そんな飢えた一匹の狼に千鶴の思いは虚しく寝室へと連れていかれるのでした。
***
『うー...もう、そろそろ離して下さい総司さん』
「んっ、駄目もうちょっと」
総司さんは私を壊れ物を扱うみたくベッドに降ろした後、ずっとこのまま。
組しかれ、食べられる、そう覚悟を決め瞳を瞑れば優しく降り注ぐキスの嵐。
もうどれくらいリップ音が続いているのだろう。きつく腕で身体を拘束され熱を含むとろんとした瞳で愛おしまれ唇を身体の至る所に落とされる。
正直、お酒の入ってる人は怖い。
私だって総司さんがお酒やらワインを飲む事は承知だし、会社の打ち上げとなればそれはもう酔い潰れるほど飲まされると思う。
本人は、加減くらい知ってるよ、なんていつの日か言っていたけれど...じゃぁ、何故こうなるのですか?
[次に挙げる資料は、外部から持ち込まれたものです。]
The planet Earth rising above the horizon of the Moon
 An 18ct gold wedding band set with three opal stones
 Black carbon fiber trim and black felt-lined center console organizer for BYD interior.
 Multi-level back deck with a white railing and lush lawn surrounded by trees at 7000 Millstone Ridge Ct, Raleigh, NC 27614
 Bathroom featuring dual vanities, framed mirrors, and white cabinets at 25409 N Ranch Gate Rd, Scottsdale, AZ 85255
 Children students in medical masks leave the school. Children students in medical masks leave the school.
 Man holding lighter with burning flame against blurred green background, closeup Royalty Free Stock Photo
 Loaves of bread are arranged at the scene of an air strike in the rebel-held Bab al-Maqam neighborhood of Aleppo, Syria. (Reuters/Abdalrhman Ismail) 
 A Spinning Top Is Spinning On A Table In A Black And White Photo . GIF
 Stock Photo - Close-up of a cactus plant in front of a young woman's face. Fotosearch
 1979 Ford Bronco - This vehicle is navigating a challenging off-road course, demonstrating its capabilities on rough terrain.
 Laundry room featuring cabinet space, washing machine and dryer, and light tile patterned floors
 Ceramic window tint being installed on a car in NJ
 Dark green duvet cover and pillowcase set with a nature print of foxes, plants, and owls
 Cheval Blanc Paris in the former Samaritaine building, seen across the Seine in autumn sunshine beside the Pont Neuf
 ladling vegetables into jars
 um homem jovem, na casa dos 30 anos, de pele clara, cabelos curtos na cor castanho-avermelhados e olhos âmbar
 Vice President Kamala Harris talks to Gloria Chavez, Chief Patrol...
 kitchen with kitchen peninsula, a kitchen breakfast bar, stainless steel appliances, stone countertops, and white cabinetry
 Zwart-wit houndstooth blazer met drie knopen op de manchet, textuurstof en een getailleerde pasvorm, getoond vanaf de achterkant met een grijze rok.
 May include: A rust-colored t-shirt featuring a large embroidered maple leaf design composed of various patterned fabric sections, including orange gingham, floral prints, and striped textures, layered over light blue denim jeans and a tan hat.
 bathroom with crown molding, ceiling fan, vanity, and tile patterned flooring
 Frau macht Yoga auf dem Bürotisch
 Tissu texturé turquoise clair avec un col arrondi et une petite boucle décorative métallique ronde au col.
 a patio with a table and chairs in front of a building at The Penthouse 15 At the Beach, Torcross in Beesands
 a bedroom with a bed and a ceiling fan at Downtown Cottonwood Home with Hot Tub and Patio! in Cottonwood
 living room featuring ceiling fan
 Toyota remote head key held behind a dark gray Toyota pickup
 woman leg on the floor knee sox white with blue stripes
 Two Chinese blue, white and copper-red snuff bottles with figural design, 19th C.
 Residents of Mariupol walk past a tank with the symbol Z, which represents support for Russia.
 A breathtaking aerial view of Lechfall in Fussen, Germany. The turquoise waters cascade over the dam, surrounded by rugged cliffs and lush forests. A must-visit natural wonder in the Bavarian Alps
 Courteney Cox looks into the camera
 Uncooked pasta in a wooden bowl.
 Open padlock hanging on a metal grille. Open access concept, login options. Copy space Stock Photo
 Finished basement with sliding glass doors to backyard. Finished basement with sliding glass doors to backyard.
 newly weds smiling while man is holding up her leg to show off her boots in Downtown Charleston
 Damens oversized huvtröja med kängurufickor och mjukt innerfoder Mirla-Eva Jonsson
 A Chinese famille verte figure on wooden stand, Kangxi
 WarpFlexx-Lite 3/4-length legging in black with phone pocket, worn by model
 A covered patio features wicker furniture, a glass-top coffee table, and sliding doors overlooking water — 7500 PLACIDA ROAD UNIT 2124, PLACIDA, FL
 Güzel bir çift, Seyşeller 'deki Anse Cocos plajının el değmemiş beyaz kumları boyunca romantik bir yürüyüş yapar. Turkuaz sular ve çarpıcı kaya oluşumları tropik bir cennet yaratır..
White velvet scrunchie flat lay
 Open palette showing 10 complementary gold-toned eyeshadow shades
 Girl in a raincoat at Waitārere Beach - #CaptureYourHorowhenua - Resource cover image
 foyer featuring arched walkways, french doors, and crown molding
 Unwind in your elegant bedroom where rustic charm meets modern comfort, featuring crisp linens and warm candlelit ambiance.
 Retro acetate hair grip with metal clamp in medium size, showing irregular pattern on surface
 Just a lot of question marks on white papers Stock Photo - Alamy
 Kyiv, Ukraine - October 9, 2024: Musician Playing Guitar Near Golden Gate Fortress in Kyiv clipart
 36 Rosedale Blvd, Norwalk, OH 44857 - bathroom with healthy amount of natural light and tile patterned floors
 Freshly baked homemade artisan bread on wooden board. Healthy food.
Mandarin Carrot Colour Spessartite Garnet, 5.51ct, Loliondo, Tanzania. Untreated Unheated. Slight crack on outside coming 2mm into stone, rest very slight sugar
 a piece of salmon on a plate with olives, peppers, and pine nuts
今までで一度も酔ってる総司さんなんてお目にかかったことがないし、現状をどう処理していいのかわからずされるが侭にされていれば一際大きなリップ音。
『痛...ぃ』
「ごめん、けど虫除けにはいいでしょ」
どうやら、独占欲の強い彼は服を着ても隠れない首筋に紅く跡を残したみたいです。
其だけでは止まらない彼は軽く謝りながらも離す気はないらしく何が枷を外してしまったのか私の服を脱がしにかかってきた。
『あっ、駄目、ん...やだ総司さん』
必死に千鶴が抵抗す間も頬や目尻、鼻先に触れる唇は止まる事を知らないらしい。